Has a carnival landed in the field south of my kitchen? No, it's the hay wagon. Well, I don't know if it's called that - which sounds sort of Oklahoma-ish (the musical) - maybe it's just called The Truck that Hay Bales are Loaded Onto. Because that's what it is. My neighbor spent the last several days haying the huge field. Last evening and this morning he hurled and stacked hay bales onto the truck for hours. There are still lots more (17 acres worth). It doesn't matter that a holiday weekend is coming up. When it's ready it's ready and he will work until it's done.

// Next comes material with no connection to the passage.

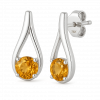 Bông tai vàng trắng 14K đính đá citrine - Image 3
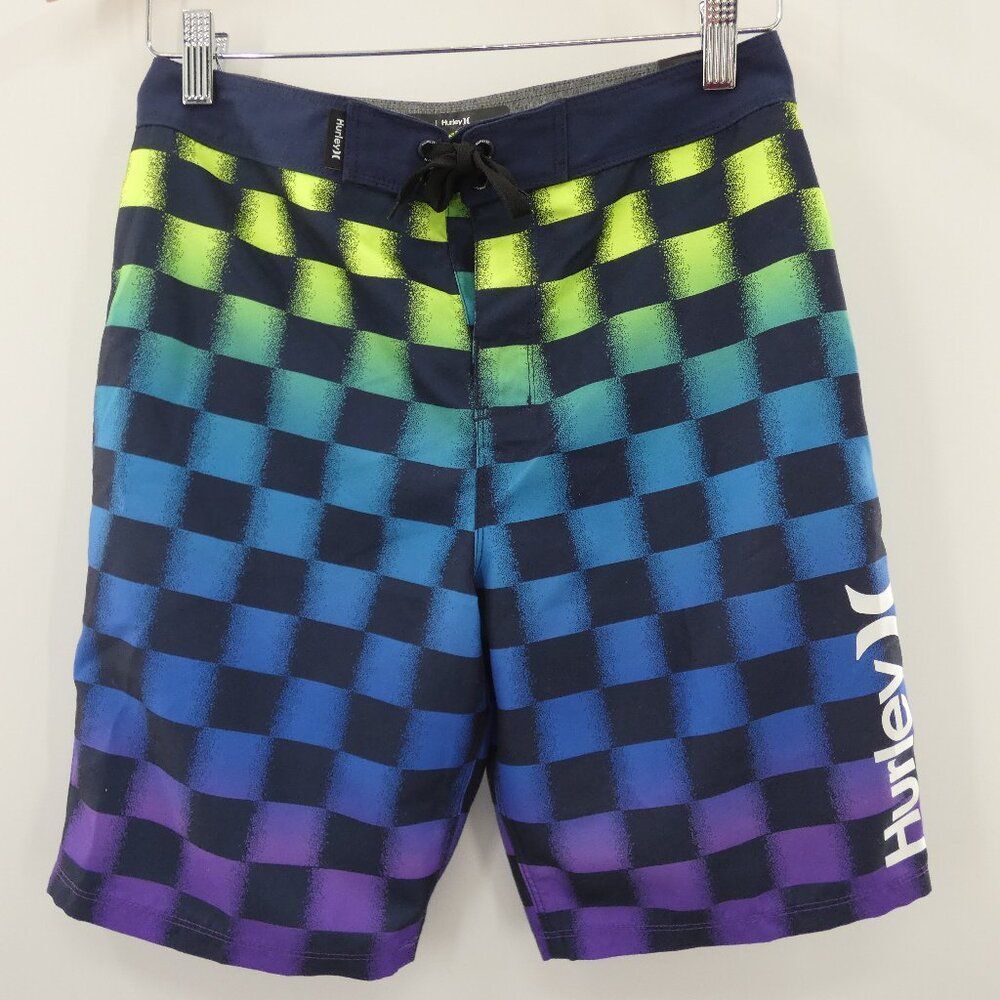 NWT Hurley Obsidian Check Board Shorts Size 14/27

And what do I know about haying? The girl who grew up in the Bronx? Who spent most of her adult life in New York and Connecticut? My childhood experiences of Fourth of July weekends involved firecrackers and Roman candles, lots of food and relatives. The aunts, uncles, cousins who lived in The City drove up to our northeast Bronx "country" house to spend the day eating and visiting. My mother spent days cleaning, cooking, baking. My father mowed the lawn, prepared the brick barbeque grill, machete-ed weeds just beyond the white picket fence (yes, that's what I said) where there was an large empty lot surrounded by trees that we were permitted to use as if it were our own. When he briefly kept a vegetable garden he picked whatever was available - like the small bounty we received from friends today and which we ate for supper.
  

At nightfall in the Bronx, after eating and talking all day (the adults) a bonfire was built and we sat around it toasting marshmallows. The uncles told tall stories, the kids set off firecrackers with lighted "punks" - after we had formed a brigade that solemnly marched to the flagpole and took down the flag. One summer the metal pole was struck by lightening and the flag burned to a crisp - that was the last of that ritual - the flag was never replaced. By dusk the coffee pots were percolating on the kitchen stove, the smell of espresso wafting out the open screened doors, homemade desserts carried outside by a parade of sturdy aunts. The kids waited for the Bungalow Bar man who would come ringing down the block in his truck. That reliable 1950s summer presence - the white  ice cream truck - was supposed to resemble the Hindi thatched house that the word bungalow denoted. I can still swoon over a toasted coconut vanilla ice cream bar. But I do wonder who thought up that bungalow thing.
     Our preparation for the Fourth this year is, basically, nothing. Maybe we'll go to a friend's house to watch the town fireworks (they have an unobstructed view from their road) or maybe we'll just pour a couple of glasses of wine and watch an old movie.

"There's just no accounting for happiness"
Jane Kenyon wrote.
Like when I tried out my new digital camera
One fourth of July and set it to "fireworks"
Colorful stars and swirls and cascades
But then I said so what?
And deleted all fifty pictures.
They were not the happiness I desired.